CBO Report Shows Obamacare’s Economic Damage

Published February 7, 2014

On Tuesday, the Congressional Budget Office released a budget projection update which decimates Democrats’ claims that Obamacare does not hurt the American economy.

In Appendix C of the rather dense document, the CBO concludes that various provisions of Obamacare will “reduce the total number of hours worked,”  “will cause a reduction…in aggregate labor compensation,” and most dramatically will result in “a decline in the number of full-time equivalent workers of about 2.0 million in 2017, rising to about 2.5 million in 2024” as compared to employment growth in the absence of the Affordable Care Act.

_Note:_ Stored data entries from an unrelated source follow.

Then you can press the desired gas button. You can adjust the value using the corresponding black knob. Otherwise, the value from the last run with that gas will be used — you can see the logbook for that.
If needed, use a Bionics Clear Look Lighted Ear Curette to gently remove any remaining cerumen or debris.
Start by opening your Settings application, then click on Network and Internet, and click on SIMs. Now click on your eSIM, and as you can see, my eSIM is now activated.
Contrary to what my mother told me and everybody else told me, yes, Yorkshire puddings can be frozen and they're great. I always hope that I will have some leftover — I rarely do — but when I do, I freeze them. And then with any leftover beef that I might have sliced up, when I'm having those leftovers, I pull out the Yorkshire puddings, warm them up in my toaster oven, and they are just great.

The White House responded by pointing out that the CBO’s estimates do not derive primarily from a reduced demand for labor by employers, as Republicans have argued. But it’s hardly consoling to read CBO’s prediction of “a net decline in the amount of labor that workers choose to supply…(which) will appear almost entirely as a reduction in labor force participation and in hours worked….”

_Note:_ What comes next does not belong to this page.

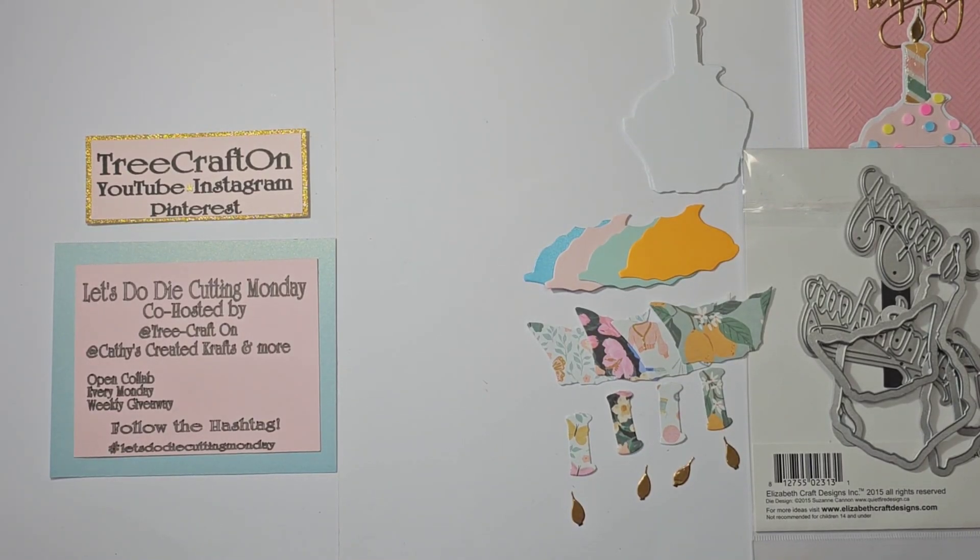Hi my crafties, it's Tree. I hope you're having a getting crafty day. It's Monday and that means it is time for Let's Do Die Cutting Monday. This is a weekly open collab co-hosted by my dear friend Kathy at Kathy's Creative Crafts and More. Thank you Kathy for co-hosting with me, and I want to thank everybody else who is participating — whether you are die cutting and posting with us, or just watching and commenting, or maybe doing all of the above. I appreciate your crafty love and support, and if you are new here, welcome.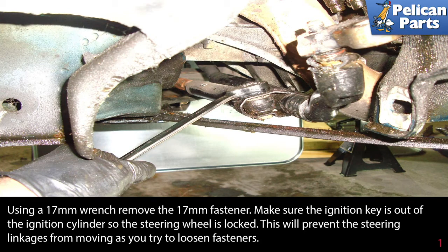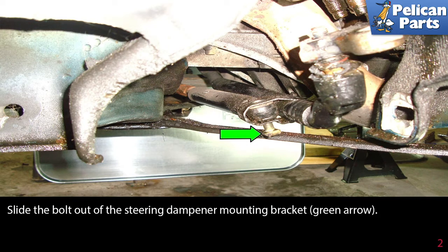Using a 17 millimeter wrench, remove the 17 millimeter fastener. Make sure the ignition key is out of the ignition cylinder so the steering wheel is locked. This will prevent the steering linkage from moving as you try to loosen the fastener. Slide the bolt out of the steering dampener mounting bracket as indicated by the green arrow.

The main cause of this trend is the work-discouraging combination of taxes and subsidies for lower-income Americans in Obamacare. In other words, the implied tax and subsidy penalties for success are so high that it won’t be worth a lower-income person’s effort to try to climb up the income ladder.

So much for the American dream.

And while the CBO does suggest that demand for labor will not decline substantially due to the costs imposed by Obamacare, they do say that costs “will be borne primarily by workers in the form of reduced wages or other compensation.” So even the White House’s good news is bad news for working Americans.

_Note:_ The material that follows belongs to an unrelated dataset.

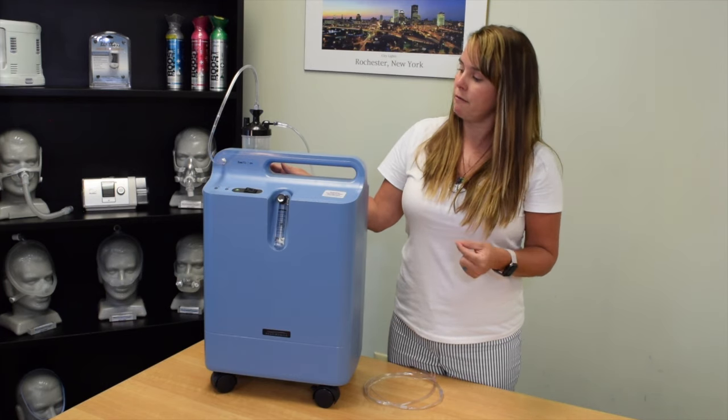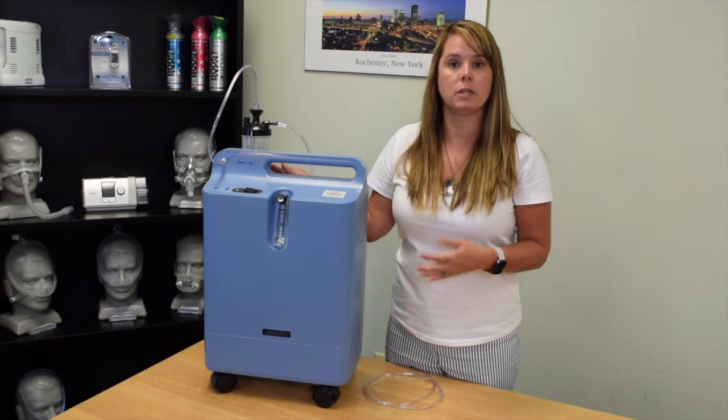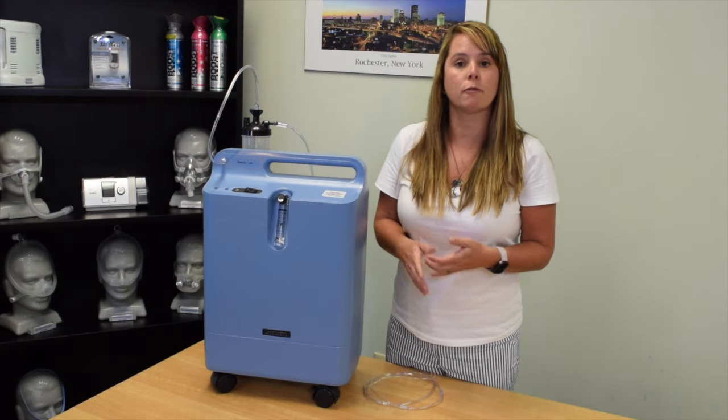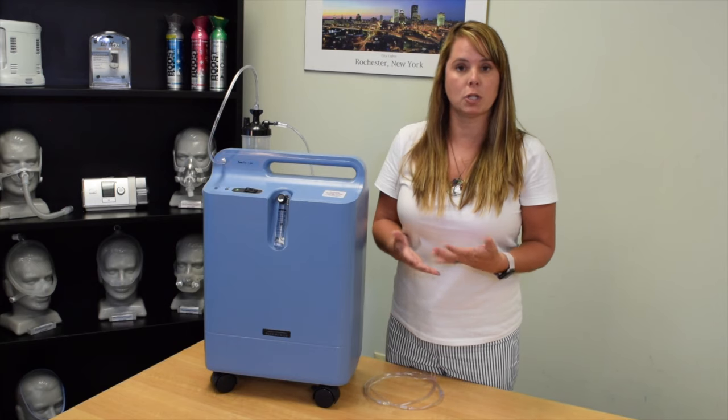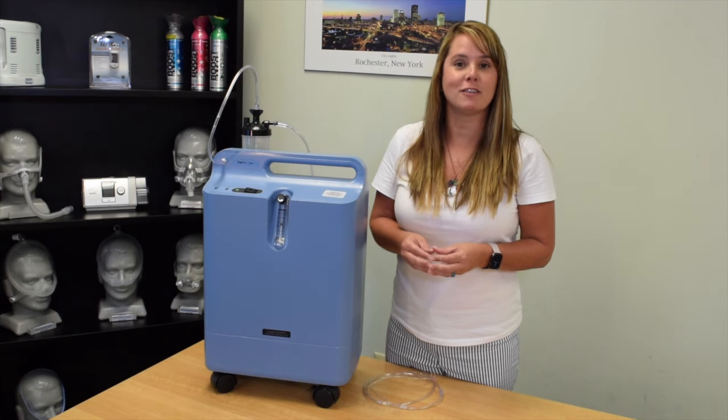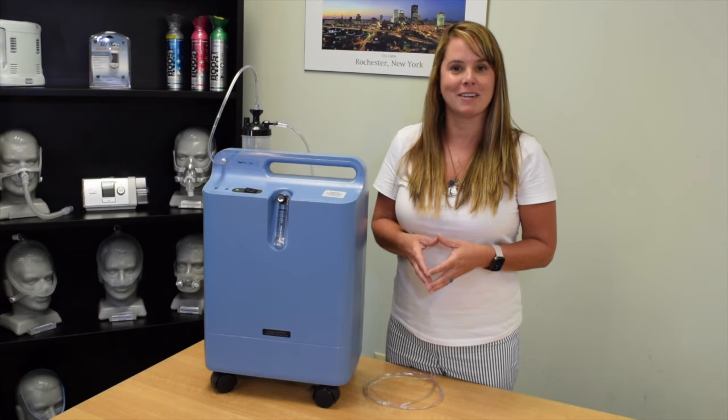If you have troubleshot the device with the alarms but cannot get the alarms to stop, it is very important for you to call your provider — give us a call so we can help figure out what is going on with your concentrator. I hope you found this video helpful, thank you very much.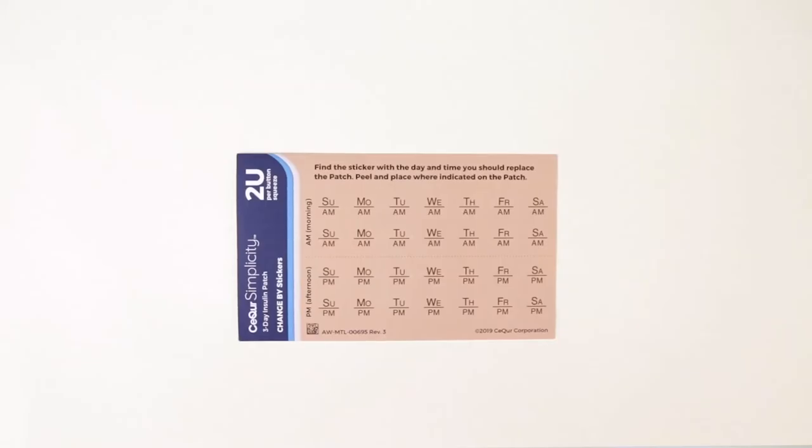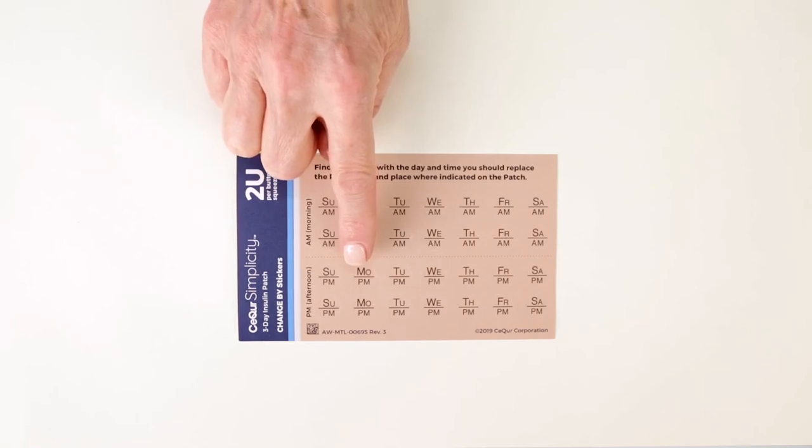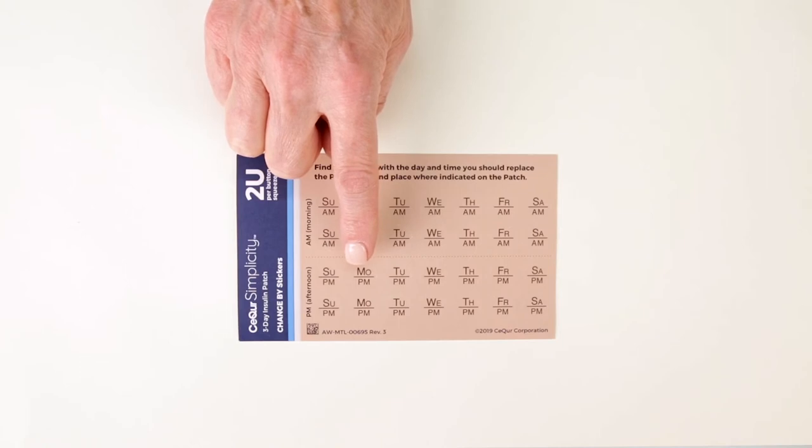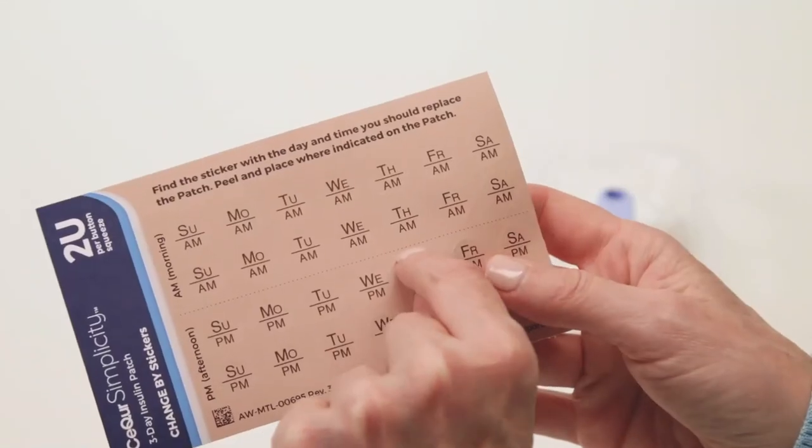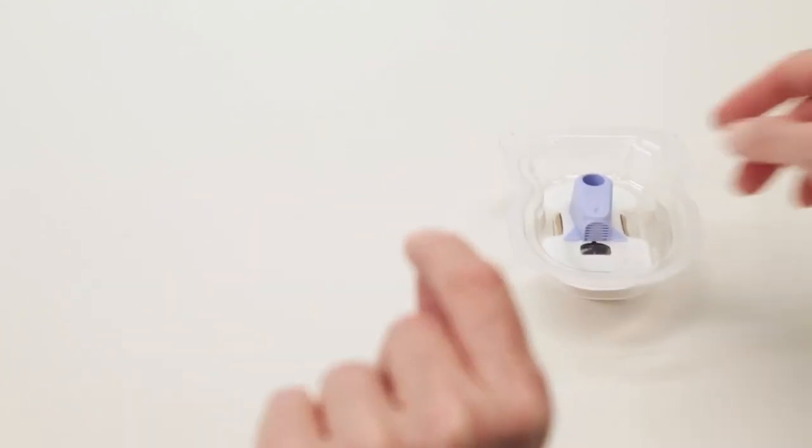The change-by stickers remind you of the day and time to change the patch. For example, if it is now Monday afternoon and you just filled the patch with enough insulin to last three days, count forward three days to Thursday afternoon. Peel off the sticker and place it on the patch.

The CBO also suggests that part of the reason that Obamacare will not substantially reduce the demand for labor is because “the expansion of Medicaid subsidies and the provision of exchange subsidies will not only stimulate greater demand for health care services but also allow lower-income households that gain subsidized coverage to increase their spending on other goods and services.”

But the CBO’s static analysis ignores the fact that this effect – nothing more than massive wealth distribution – is just another version of Keynesian economic stimulus which has failed every place and every time it has been attempted. There is no free lunch, and the money which the CBO claims will benefit the economy through increased consumption will simply result in decreased consumption – and therefore decreased employment – in other sectors of the economy. It’s the healthcare version of Cash for Clunkers.

The non-partisan CBO, highly respected by the media despite (or perhaps because of) their reliance on static analysis that tends to bias results toward higher spending and higher taxes, has cut the legs out of Democrats’ claims that Obamacare is not harmful to the economy.